DATA TO EXAMINE Block Start

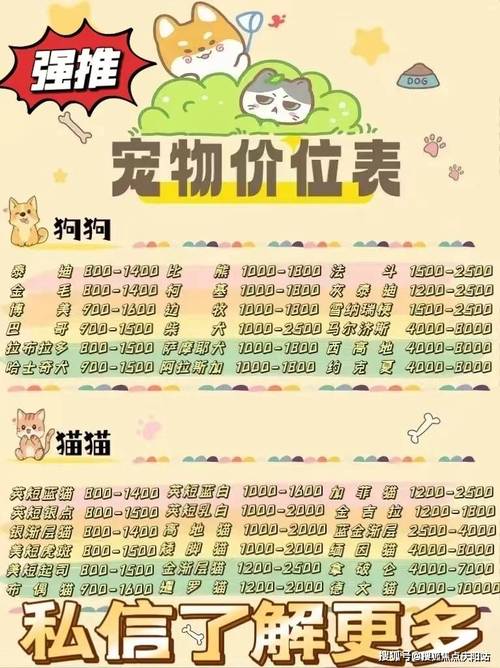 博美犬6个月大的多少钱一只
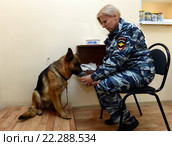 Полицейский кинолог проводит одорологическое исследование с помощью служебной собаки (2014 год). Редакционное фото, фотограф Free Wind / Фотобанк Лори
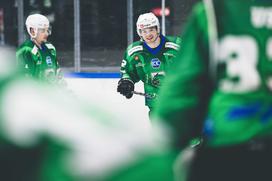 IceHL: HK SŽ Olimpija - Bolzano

DATA TO EXAMINE Block End
DATA TO EXAMINE Block Start

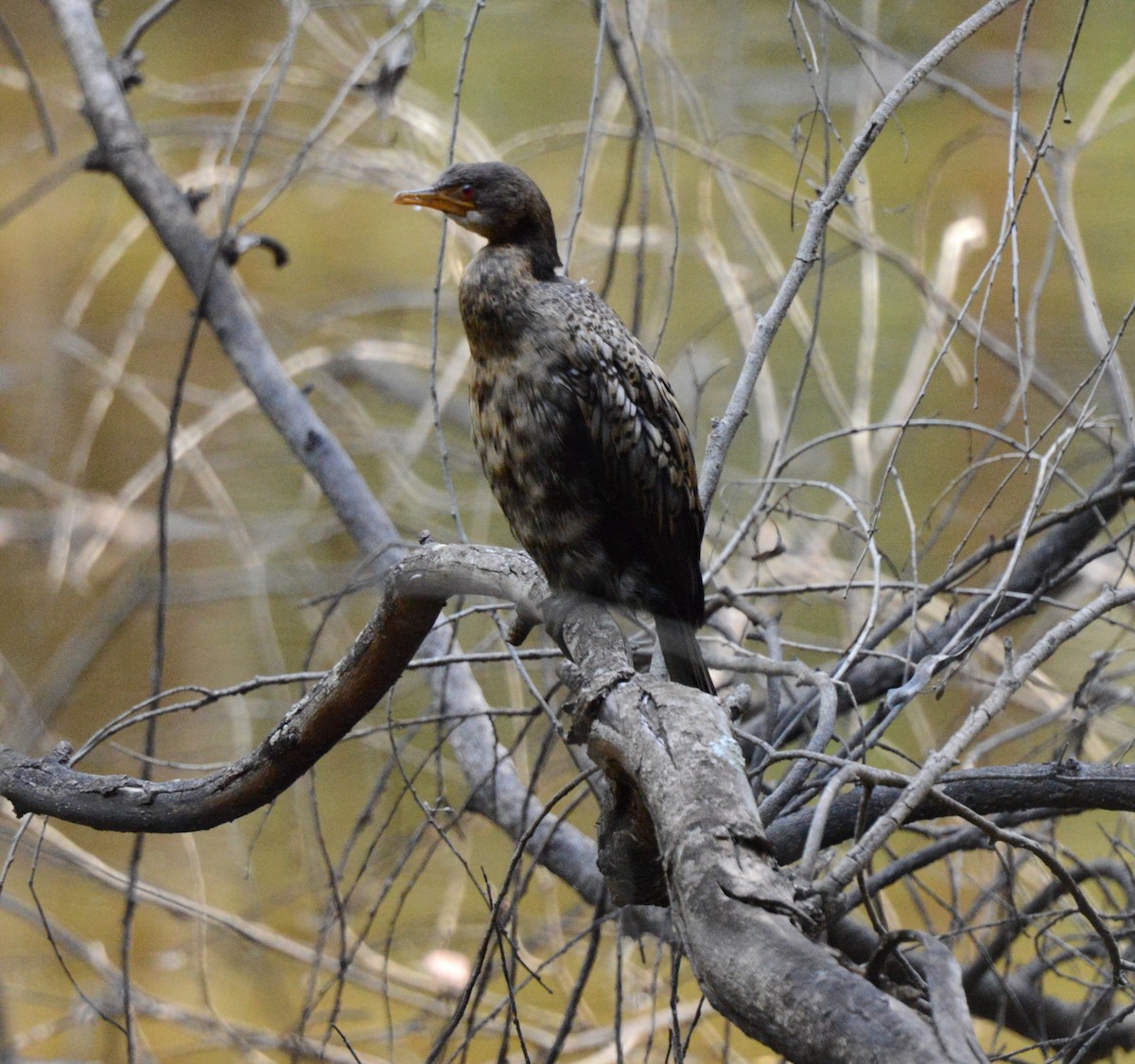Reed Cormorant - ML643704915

DATA TO EXAMINE Block End
DATA TO EXAMINE Block Start

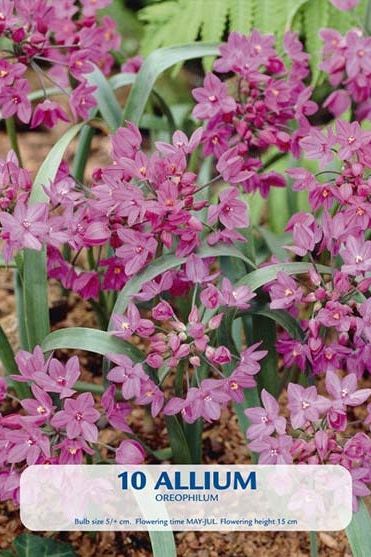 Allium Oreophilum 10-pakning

DATA TO EXAMINE Block End

• **GOAL OF THE EXERCISE**: In the entries above, which lines run from the one with "博美犬6个月大的多少钱一只" up to and including the one with "IceHL: HK SŽ Olimpija - Bolzano"? Write them out exactly, without the pictures.

• **WRITTEN ANSWER**:
 博美犬6个月大的多少钱一只
 Полицейский кинолог проводит одорологическое исследование с помощью служебной собаки (2014 год). Редакционное фото, фотограф Free Wind / Фотобанк Лори
 IceHL: HK SŽ Olimpija - Bolzano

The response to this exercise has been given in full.